■ To do
Exact duplicates of the lines from the top of the data through the line containing "Die Cut Handle" are needed, with every picture left out.

Top of Source material

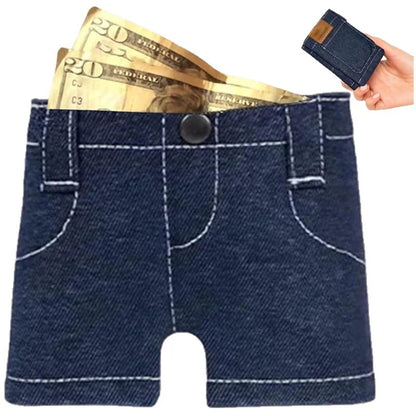 Last Day 49% Off💳👖Jallet -Jean Shorts Wallet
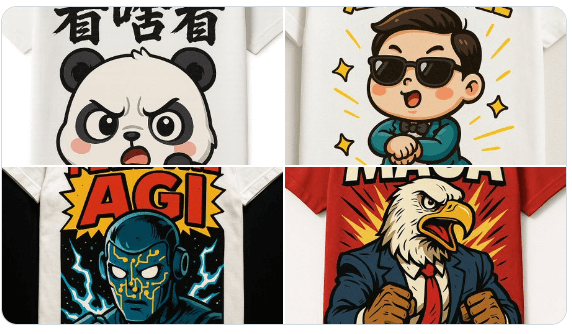 用 AI 幫你設計個性 T 卹-Use AI to help you design personalized T-shirts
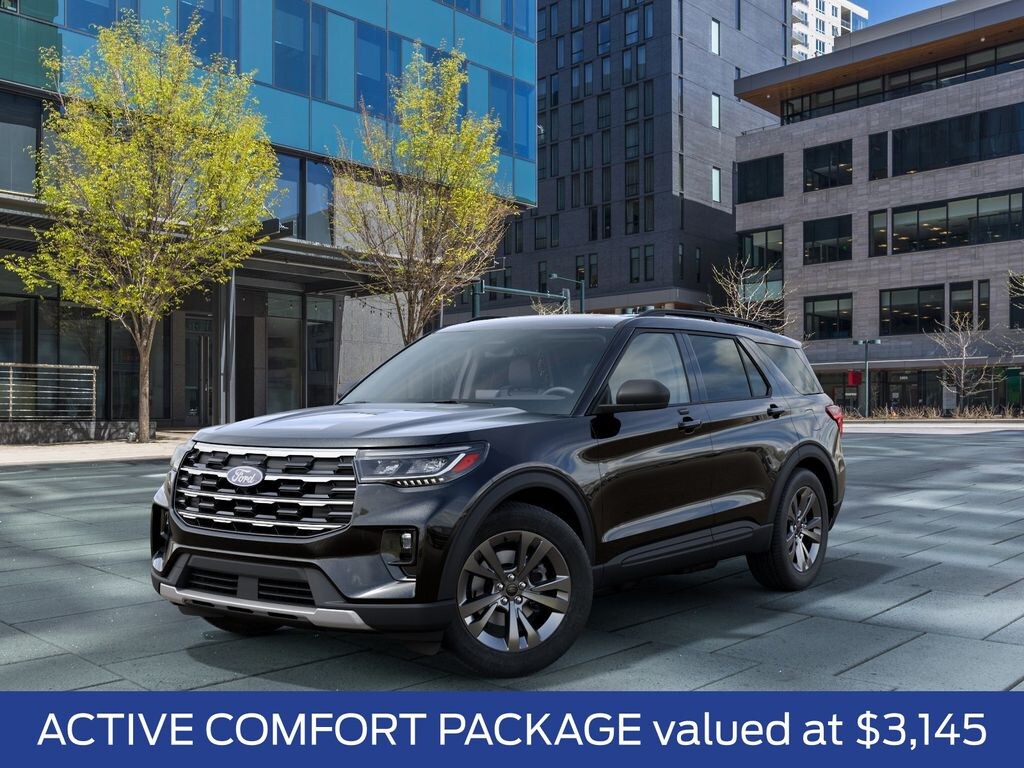 New 2027 Ford Explorer Active SUV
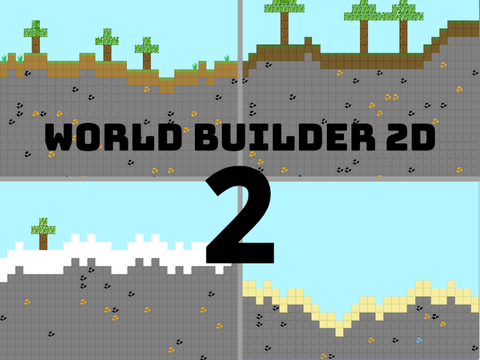 World Builder 2D 2 - Terrain Generator Game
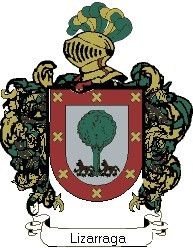 Escudo del apellido Lizarraga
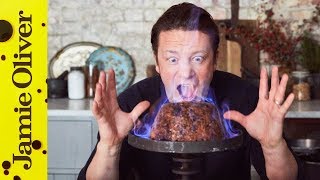 How to Make Christmas Pudding  Jamie Oliver [upl. by Roma]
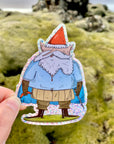 Glitter Gnome - Límmiði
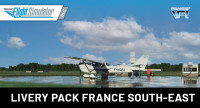 France VFR - Livery Pack France South-East MSFS France VFR - Livery Pack France South-East MSFS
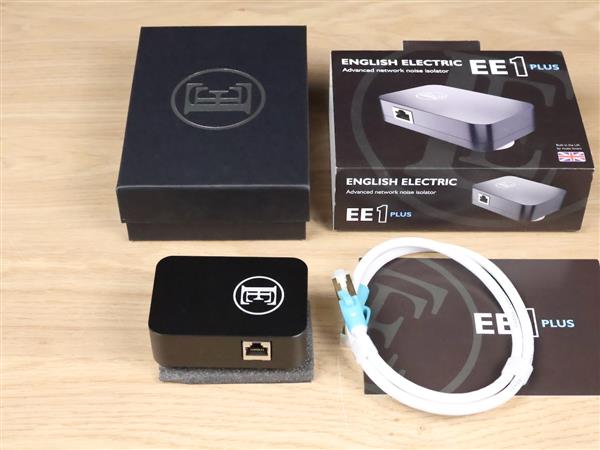 Grote foto english electric ee1 plus network noise isolator new 25 off audio tv en foto algemeen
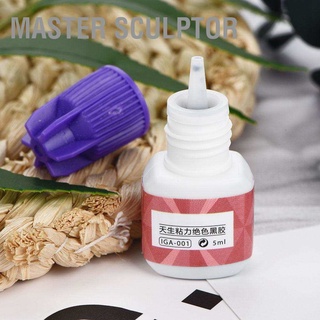 Master Sculptor 5ml Quick Drying False Eyelashes Extension Glue Individual Gel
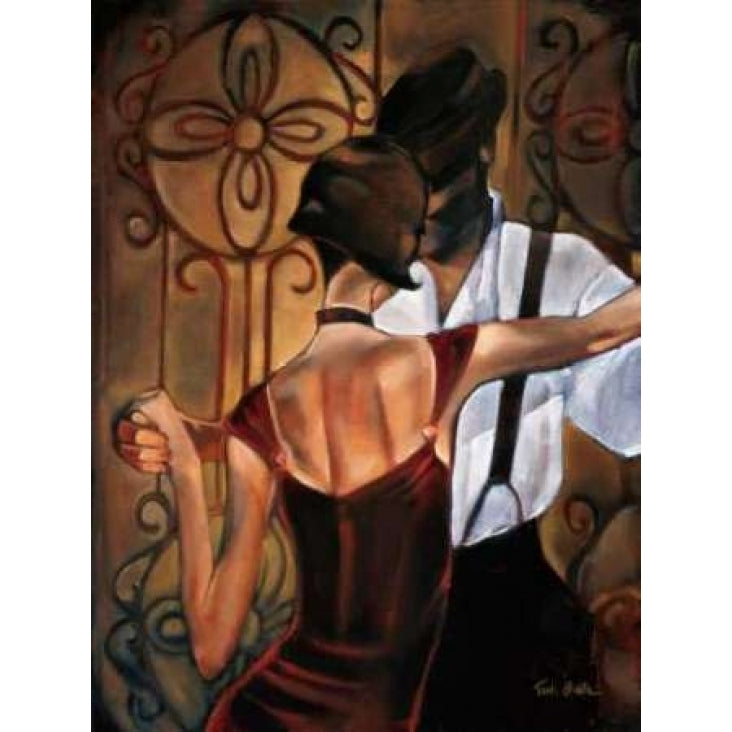 Evening Tango Poster Print by Trish Biddle Image 2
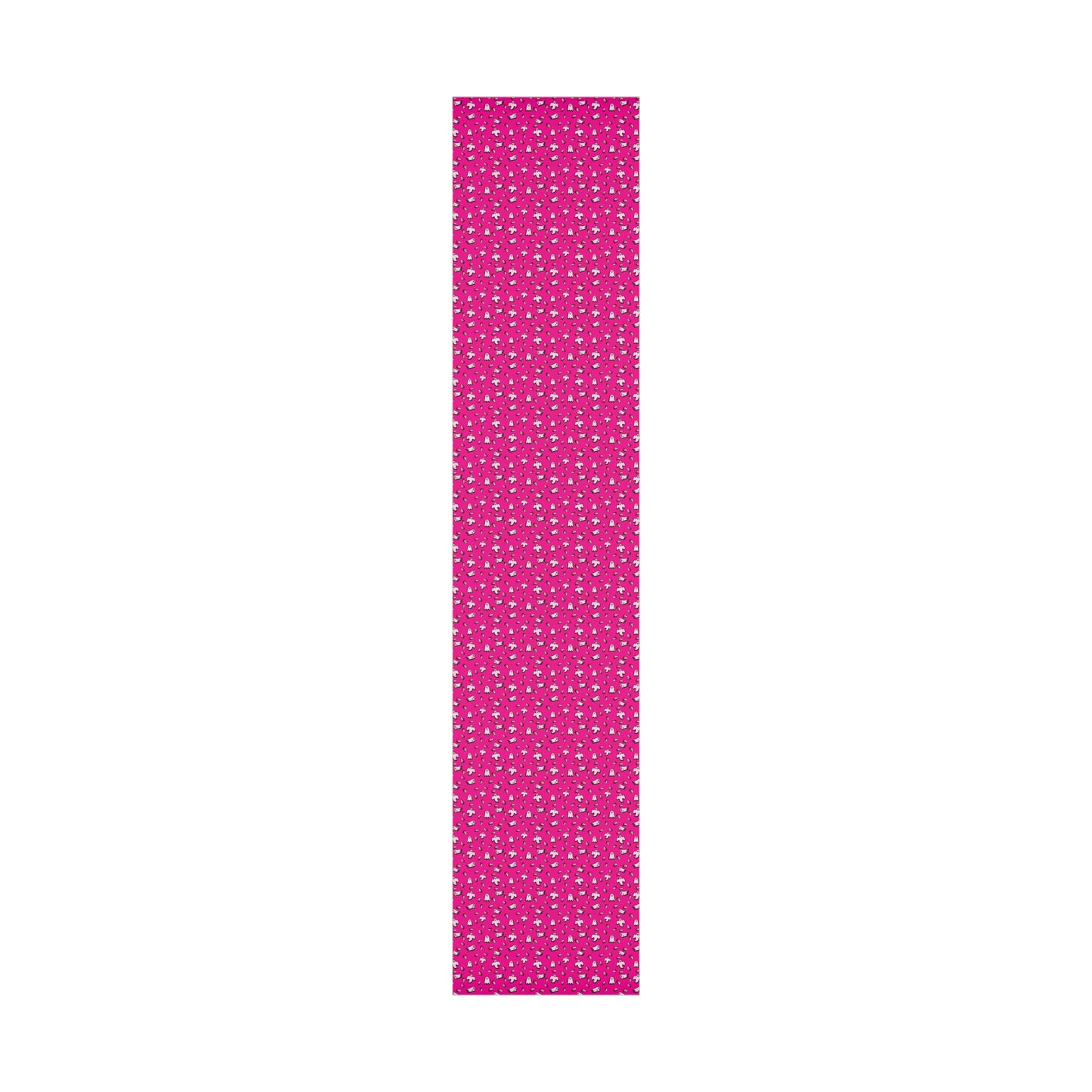Pink Ghost - Gift Wrap Papers - 13849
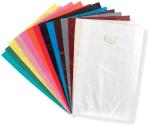 Die Cut Handle Plastic Retail Gift Bags LDPE Material For Shopping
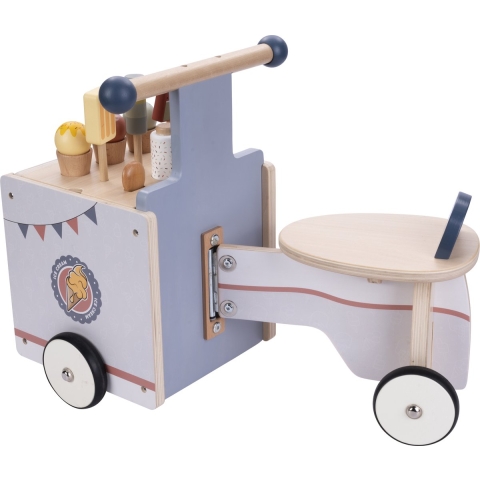 Jack & Jacky IJskraam Loopwagen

Bottom of Source material

■ Exercise response
 Last Day 49% Off💳👖Jallet -Jean Shorts Wallet
 用 AI 幫你設計個性 T 卹-Use AI to help you design personalized T-shirts
 New 2027 Ford Explorer Active SUV
 World Builder 2D 2 - Terrain Generator Game
 Escudo del apellido Lizarraga
 How to Make Christmas Pudding  Jamie Oliver [upl. by Roma]
 Glitter Gnome - Límmiði
 France VFR - Livery Pack France South-East MSFS France VFR - Livery Pack France South-East MSFS
 Grote foto english electric ee1 plus network noise isolator new 25 off audio tv en foto algemeen
 Master Sculptor 5ml Quick Drying False Eyelashes Extension Glue Individual Gel
 Evening Tango Poster Print by Trish Biddle Image 2
Pink Ghost - Gift Wrap Papers - 13849
 Die Cut Handle Plastic Retail Gift Bags LDPE Material For Shopping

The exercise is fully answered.